Johannes BRAHMS (1833-1897)
Violin Concerto in D major Op.77 (1878) [39:11]
Double Concerto in A minor, Op.102 (1887) [33:05]
Tianwa Yang (violin)
Gabriel Schwabe (cello)
Deutsches Symphonie-Orchester Berlin/Antoni Wit
rec. 2017, Jesus-Christus-Kirche Berlin-Dahlem, Germany
NAXOS 8.573772 [72:25]
Why did I ask to review this disc? Two reasons. First: the Double Concerto is one of my all-time favourites. Second: I was, some time ago, knocked out of complacency by the playing of Tianwa Yang. That Naxos have found a long-term home for this violinist has redounded to Naxos’s advantage and to that of the artist. She is an absolutely fantastic player who pretty faultlessly trades in grandeur and in a freshness that keeps renewing. With her there is no stumble and “no shadow of turning”. She has already proved her mettle in other Naxos series: (Mendelssohn; Saint-Saëns; Sarasate (review review), Castelnuovo-Tedesco and Lalo/Manén). On the other hand, on Seen and Heard International there are relatively few notices and she seems never to have played at the BBC Proms - why?
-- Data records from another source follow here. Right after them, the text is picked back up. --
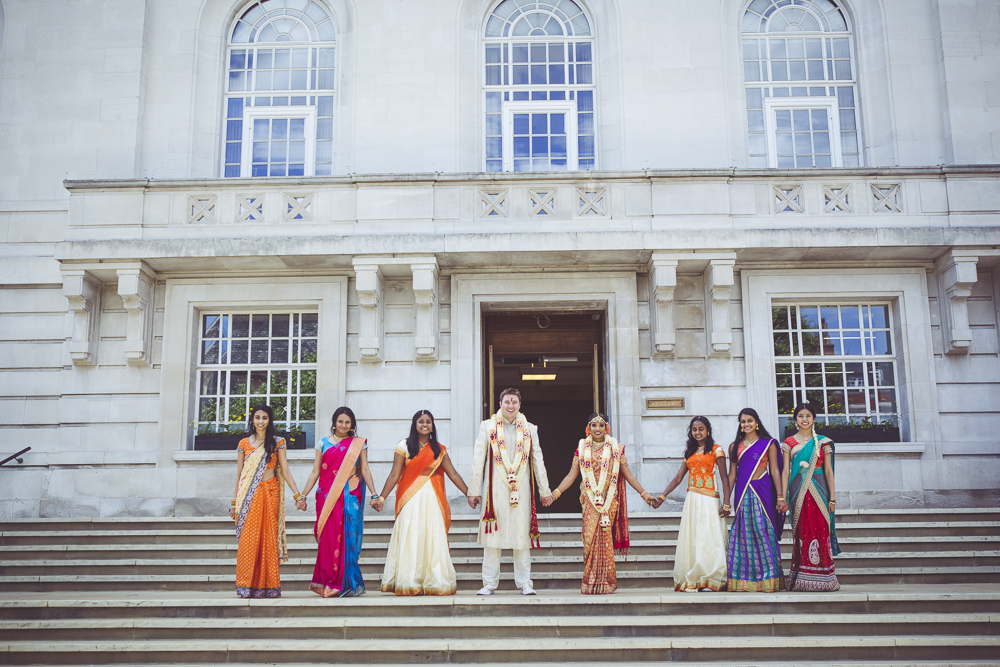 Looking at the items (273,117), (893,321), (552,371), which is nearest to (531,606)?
(893,321)

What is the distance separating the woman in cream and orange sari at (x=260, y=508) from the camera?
8125 millimetres

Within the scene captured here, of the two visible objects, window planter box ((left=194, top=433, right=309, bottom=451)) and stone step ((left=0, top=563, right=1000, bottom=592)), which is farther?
window planter box ((left=194, top=433, right=309, bottom=451))

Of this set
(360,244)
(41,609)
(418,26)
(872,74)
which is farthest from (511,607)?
(872,74)

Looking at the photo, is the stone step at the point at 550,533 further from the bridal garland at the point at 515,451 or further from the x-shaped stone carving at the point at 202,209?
the x-shaped stone carving at the point at 202,209

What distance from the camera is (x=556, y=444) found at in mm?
20406

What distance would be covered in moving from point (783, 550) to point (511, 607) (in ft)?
12.5

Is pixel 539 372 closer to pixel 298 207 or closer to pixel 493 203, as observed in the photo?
pixel 493 203

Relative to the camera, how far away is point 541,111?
1348cm

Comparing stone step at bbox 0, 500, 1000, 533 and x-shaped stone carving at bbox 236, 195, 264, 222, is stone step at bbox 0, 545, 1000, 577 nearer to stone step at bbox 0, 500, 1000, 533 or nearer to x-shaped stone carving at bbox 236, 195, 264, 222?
stone step at bbox 0, 500, 1000, 533

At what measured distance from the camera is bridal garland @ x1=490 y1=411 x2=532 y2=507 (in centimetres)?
824

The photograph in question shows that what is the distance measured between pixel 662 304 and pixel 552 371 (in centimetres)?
664

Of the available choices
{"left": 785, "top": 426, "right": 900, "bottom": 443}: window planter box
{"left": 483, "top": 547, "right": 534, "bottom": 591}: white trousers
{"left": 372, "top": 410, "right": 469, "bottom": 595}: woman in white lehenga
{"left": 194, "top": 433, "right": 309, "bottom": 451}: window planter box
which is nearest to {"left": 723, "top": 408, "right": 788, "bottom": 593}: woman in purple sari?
{"left": 483, "top": 547, "right": 534, "bottom": 591}: white trousers

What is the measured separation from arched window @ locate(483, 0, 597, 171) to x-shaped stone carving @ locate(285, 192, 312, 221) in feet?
9.72

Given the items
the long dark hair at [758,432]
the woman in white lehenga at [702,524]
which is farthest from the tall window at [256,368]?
the long dark hair at [758,432] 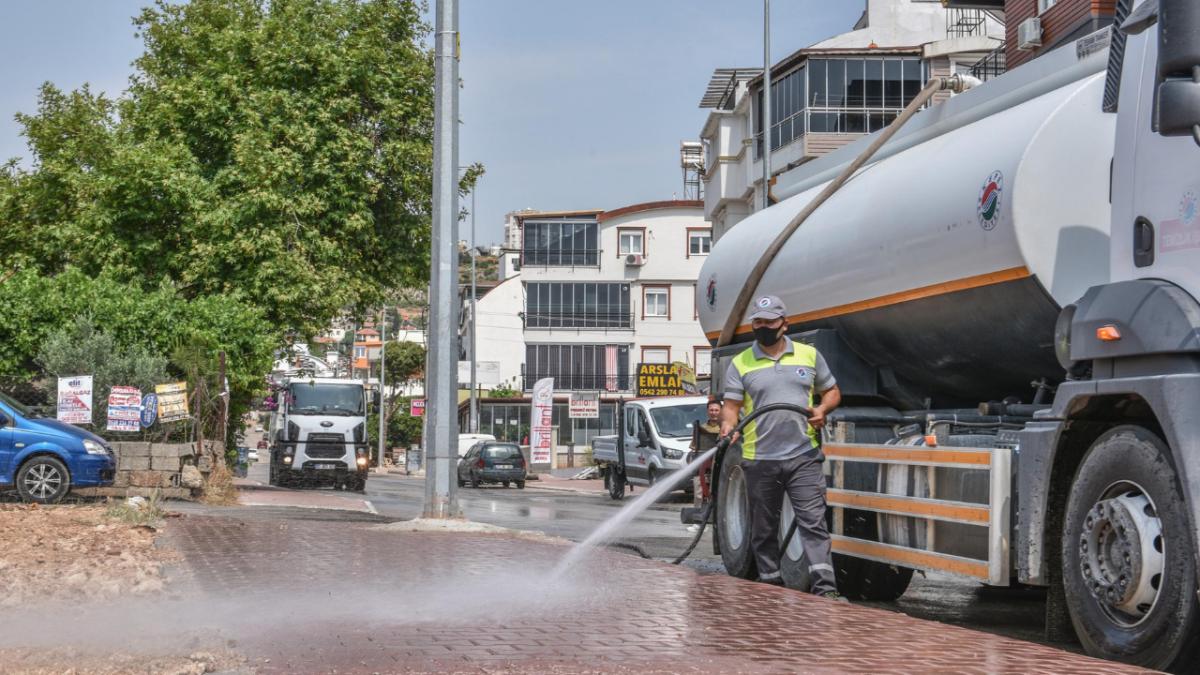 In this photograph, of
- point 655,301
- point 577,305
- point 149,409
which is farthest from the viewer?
point 577,305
Gabriel Schwabe has worked with her before in Saint-Saëns and he is an intense player, as he has shown in his recording for Naxos of the three Brahms sonatas.
There is no shortage of comparatively so-so recordings of the Brahms string concertos and a few that are highly pointed by the critical world. Perhaps it’s my debilitated and fossilised tastes, but I want some ardour, warmth and radiance from these works especially from the Double Concerto. As I have said elsewhere, the Double is a work for which I have arrived at a very great affection. In Yang’s and Schwabe’s hands it here enjoys an incarnadine reading which benefits from a sweet close-quarters recording. What we hear evinces both concentration and brio. When a performance of the Double really works it communicates a nicely elongated storminess. This is the case here and with CBS-Sony's classic recording by Leonard Rose and Isaac Stern alongside their co-conspirators, the Philadelphia conducted by Eugene Ormandy. The Rose/Stern reading unerringly raises the emotional temperature and should be in every Brahmsian's go-to list despite its super-pepped recording acoustic. Other versions, including some iconic discs, sound pallid by comparison.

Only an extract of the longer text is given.